Any maybe yhe code wants a splitting helper instead of open coding
setting this flag in multiple places?
Re: [PATCH RFC 4/7] md/raid10: convert read/write to use bio_submit_split()
Posted by Yu Kuai 1 month, 1 week ago
Hi,

在 2025/08/25 18:59, Christoph Hellwig 写道:
>>   		allow_barrier(conf);
>> +		bio = bio_submit_split(bio, max_sectors, &conf->bio_split);
>>   		wait_barrier(conf, false);
>> +
>> +		if (!bio) {
>> +			set_bit(R10BIO_Returned, &r10_bio->state);
>> +			goto err_handle;
>> +		}
> 
> The NULL return should only happen for REQ_NOWAIT here, so maybe
> give R10BIO_Returned a more descriptive name?  Also please document
> the flag in the header.

And also atomic write here, if bio has to split due to badblocks here.
The flag is refer to raid1. I can add cocument for both raid1 and raid10
in this case.

> 
> Any maybe yhe code wants a splitting helper instead of open coding
> setting this flag in multiple places?
> .
> 
Yes.

Thanks,
Kuai

Re: [PATCH RFC 4/7] md/raid10: convert read/write to use bio_submit_split()
Posted by Christoph Hellwig 1 month, 1 week ago
On Tue, Aug 26, 2025 at 09:13:41AM +0800, Yu Kuai wrote:
> > The NULL return should only happen for REQ_NOWAIT here, so maybe
> > give R10BIO_Returned a more descriptive name?  Also please document
> > the flag in the header.
> 
> And also atomic write here, if bio has to split due to badblocks here.
> The flag is refer to raid1. I can add cocument for both raid1 and raid10
> in this case.

Umm, that's actually a red flag.  If a device guarantees atomic behavior
it can't just fail it.  So I think REQ_ATOMIC should be disallowed
for md raid with bad block tracking.

>
Re: [PATCH RFC 4/7] md/raid10: convert read/write to use bio_submit_split()
Posted by Yu Kuai 1 month, 1 week ago
Hi,

在 2025/08/26 15:55, Christoph Hellwig 写道:
> On Tue, Aug 26, 2025 at 09:13:41AM +0800, Yu Kuai wrote:
>>> The NULL return should only happen for REQ_NOWAIT here, so maybe
>>> give R10BIO_Returned a more descriptive name?  Also please document
>>> the flag in the header.
>>
>> And also atomic write here, if bio has to split due to badblocks here.
>> The flag is refer to raid1. I can add cocument for both raid1 and raid10
>> in this case.
> 
> Umm, that's actually a red flag.  If a device guarantees atomic behavior
> it can't just fail it.  So I think REQ_ATOMIC should be disallowed
> for md raid with bad block tracking.
> 

I agree that do not look good, however, John explained while adding this
that user should retry and fallback without REQ_ATOMIC to make things
work as usual.

Thanks,
Kuai

>>
> 
> .
> 

Re: [PATCH RFC 4/7] md/raid10: convert read/write to use bio_submit_split()
Posted by anthony 1 month, 1 week ago
On 26/08/2025 10:14, Yu Kuai wrote:
>> Umm, that's actually a red flag.  If a device guarantees atomic behavior
>> it can't just fail it.  So I think REQ_ATOMIC should be disallowed
>> for md raid with bad block tracking.
>>
> 
> I agree that do not look good, however, John explained while adding this
> that user should retry and fallback without REQ_ATOMIC to make things
> work as usual.

Whether a device promises atomic write is orthogonal to whether that 
write succeeds - it could fail for a whole host of reasons, so why can't 
"this is too big to be atomic" just be another reason for failing?

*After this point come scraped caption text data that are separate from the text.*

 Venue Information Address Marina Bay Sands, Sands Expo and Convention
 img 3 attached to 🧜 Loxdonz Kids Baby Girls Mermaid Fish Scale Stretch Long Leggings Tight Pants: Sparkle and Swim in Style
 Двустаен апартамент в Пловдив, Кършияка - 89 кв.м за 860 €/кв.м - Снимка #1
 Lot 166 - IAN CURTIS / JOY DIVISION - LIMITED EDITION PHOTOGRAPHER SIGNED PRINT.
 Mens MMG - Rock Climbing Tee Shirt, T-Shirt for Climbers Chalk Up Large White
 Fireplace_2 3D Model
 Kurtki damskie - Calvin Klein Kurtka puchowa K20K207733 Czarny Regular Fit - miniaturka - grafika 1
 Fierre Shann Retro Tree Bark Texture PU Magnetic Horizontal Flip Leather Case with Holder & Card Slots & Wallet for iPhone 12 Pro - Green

Yes you want to know *why* the write failed, if you can't pass that 
back, then you have a problem, but if you can pass back the error "too 
big for atomic write" then the caller can sort it out.

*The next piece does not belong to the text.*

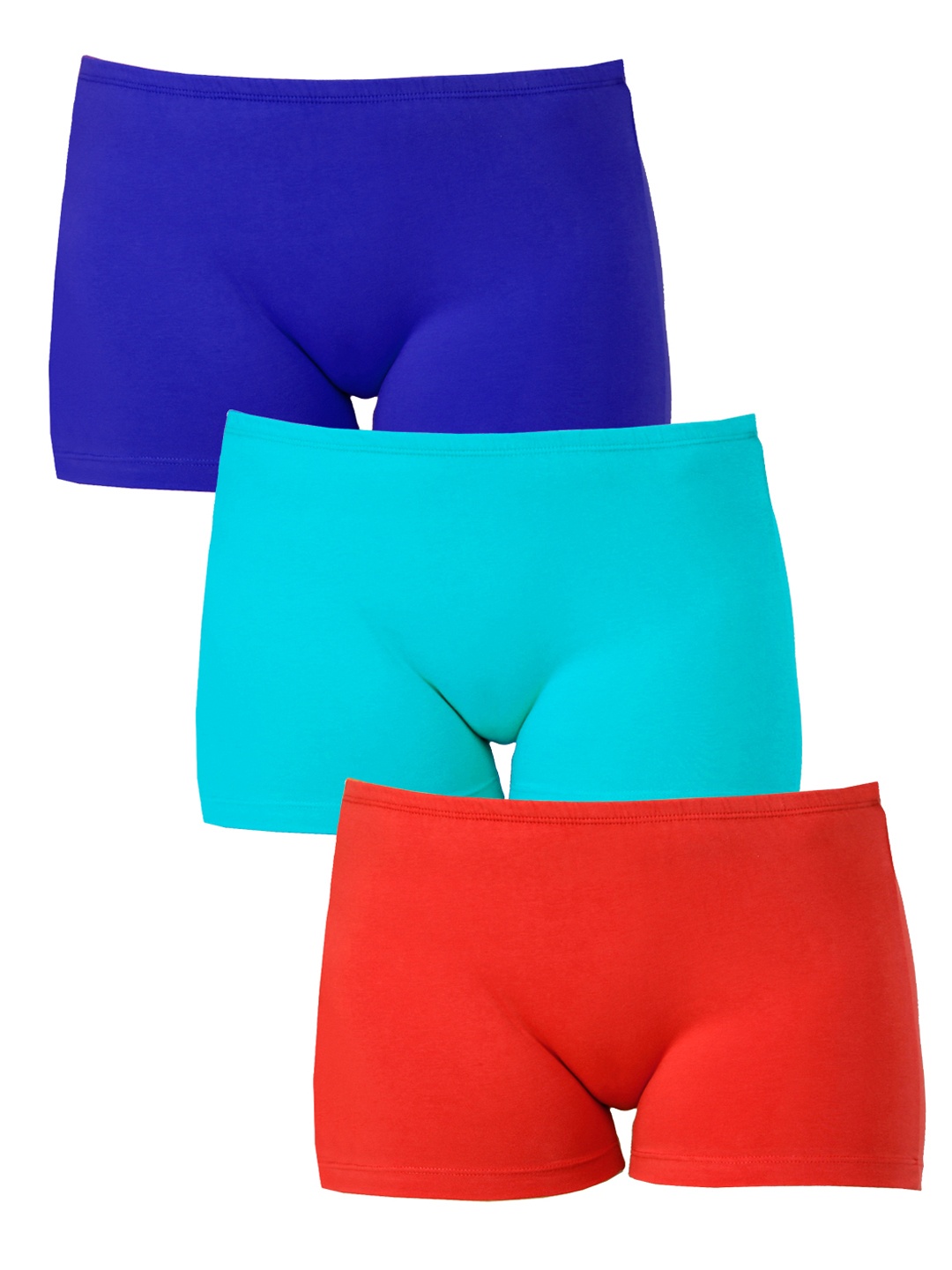 

Softrose Women Pack of 3 Boyshorts SH7004RRGRB, Red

That then allows the driver - if it knows the block size of the device - 
to manage atomic writes (in the sense that it can refuse writes that are 
too large), even if the device doesn't claim to support it. It can just 
force the caller to submit small enough blocks.

Cheers,
Wol
Re: [PATCH RFC 4/7] md/raid10: convert read/write to use bio_submit_split()
Posted by Christoph Hellwig 1 month, 1 week ago
On Tue, Aug 26, 2025 at 06:35:10PM +0100, anthony wrote:
> On 26/08/2025 10:14, Yu Kuai wrote:
> > > Umm, that's actually a red flag.  If a device guarantees atomic behavior
> > > it can't just fail it.  So I think REQ_ATOMIC should be disallowed
> > > for md raid with bad block tracking.
> > > 
> > 
> > I agree that do not look good, however, John explained while adding this
> > that user should retry and fallback without REQ_ATOMIC to make things
> > work as usual.
> 
> Whether a device promises atomic write is orthogonal to whether that write
> succeeds - it could fail for a whole host of reasons, so why can't "this is
> too big to be atomic" just be another reason for failing?

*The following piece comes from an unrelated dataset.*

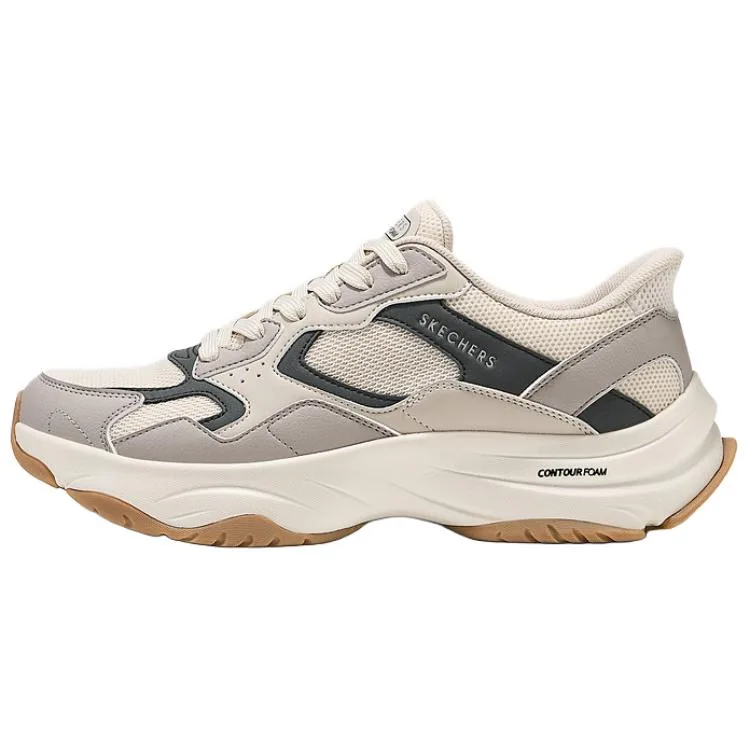 Street Breathable Support Height Increasing низкие массивные кроссовки для мужчин Skechers, бежевый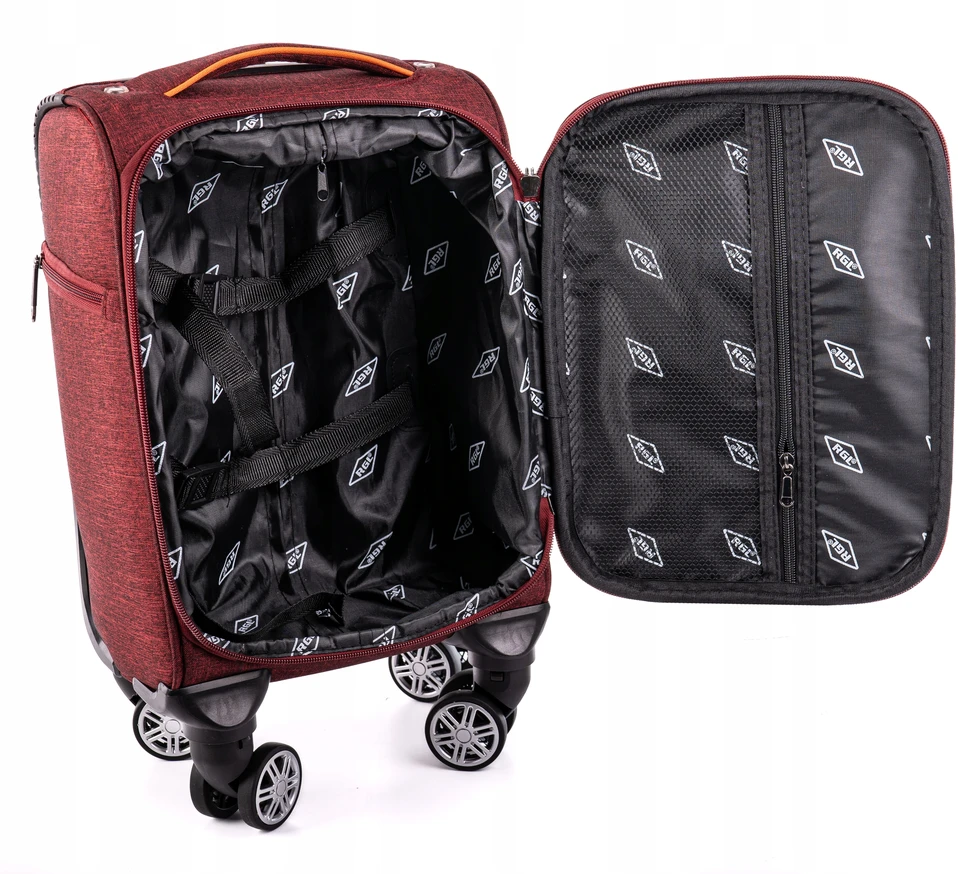 RGL Mažas kelioninis lagaminas RYANAIR WIZZAIR LUGGAGE lėktuvo salonas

Too big to be atomic is a valid failure reason.  But the limit needs
to be documented in the queue limits beforehand.
Re: [PATCH RFC 4/7] md/raid10: convert read/write to use bio_submit_split()
Posted by John Garry 1 month ago
On 27/08/2025 08:31, Christoph Hellwig wrote:
> On Tue, Aug 26, 2025 at 06:35:10PM +0100, anthony wrote:
>> On 26/08/2025 10:14, Yu Kuai wrote:
>>>> Umm, that's actually a red flag.  If a device guarantees atomic behavior
>>>> it can't just fail it.  So I think REQ_ATOMIC should be disallowed
>>>> for md raid with bad block tracking.
>>>>
>>>
>>> I agree that do not look good, however, John explained while adding this
>>> that user should retry and fallback without REQ_ATOMIC to make things
>>> work as usual.
>>
>> Whether a device promises atomic write is orthogonal to whether that write
>> succeeds - it could fail for a whole host of reasons, so why can't "this is
>> too big to be atomic" just be another reason for failing?
> 
> Too big to be atomic is a valid failure reason.  But the limit needs
> to be documented in the queue limits beforehand.
> 
> 

What exactly could need to be documented?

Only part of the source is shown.